**SUPPLIED INFORMATION**
=== Section Start ===
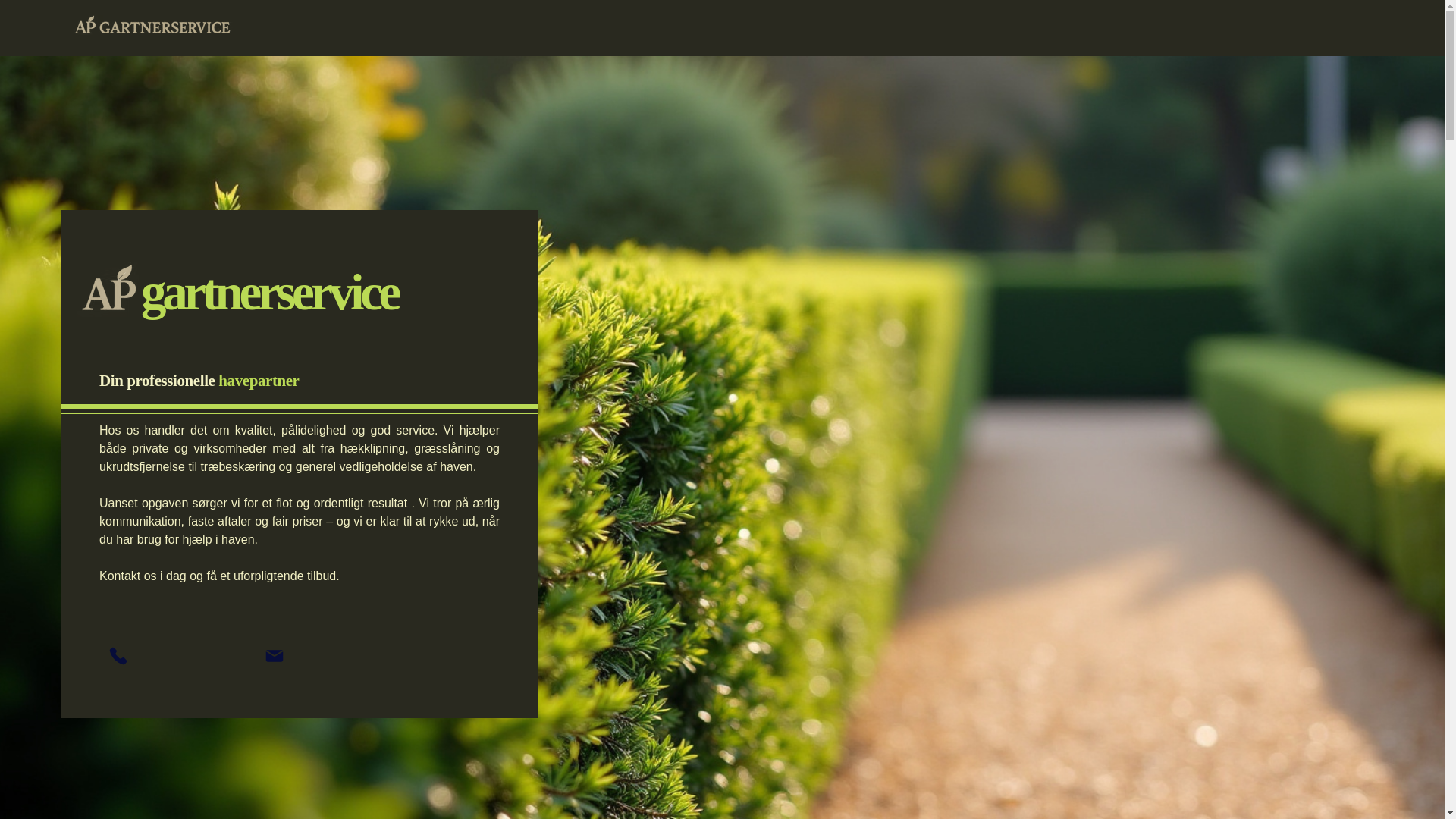 website screenshot of https://apgartnerservice.dk/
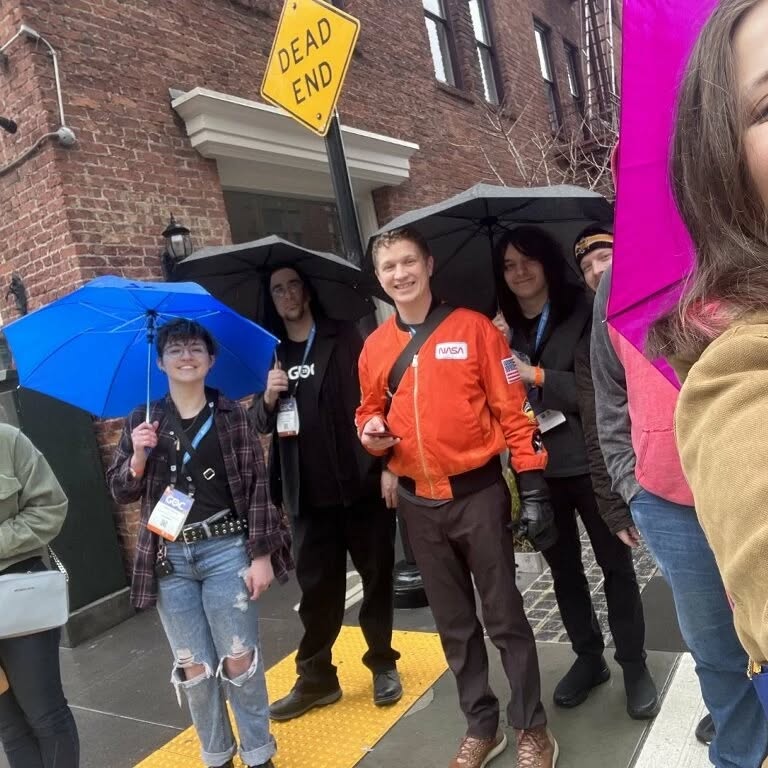 Brian Foster with students at GDC in San Francisco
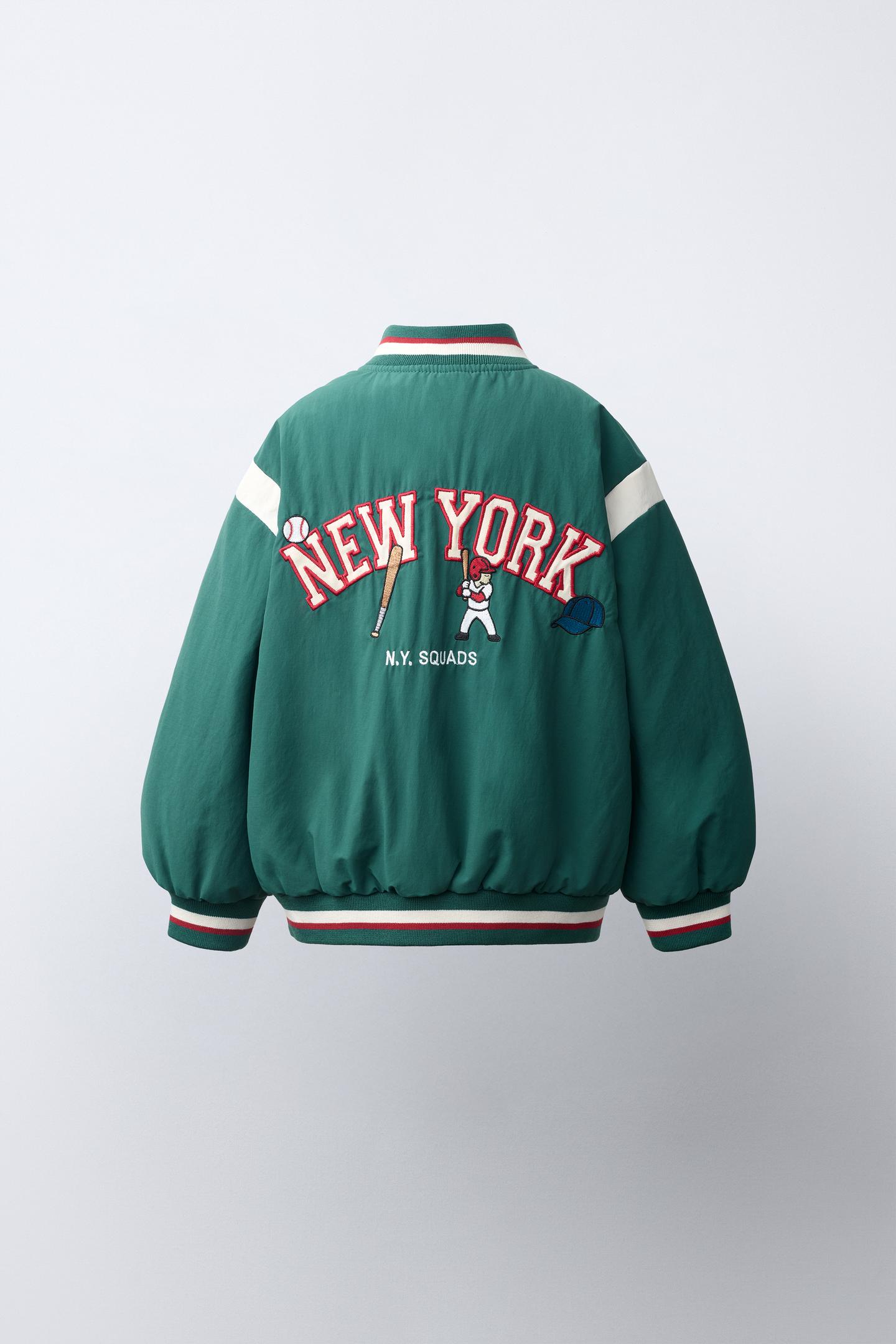 Куртка Zara Printed Bomber, цвет: Зелёный / Синий — фото 5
=== Section End ===
**WORK ORDER**
Images in the data above are to be skipped. Retype all other material exactly.

**RESULT FOR THIS TASK**
 website screenshot of https://apgartnerservice.dk/
 Brian Foster with students at GDC in San Francisco
 Куртка Zara Printed Bomber, цвет: Зелёный / Синий — фото 5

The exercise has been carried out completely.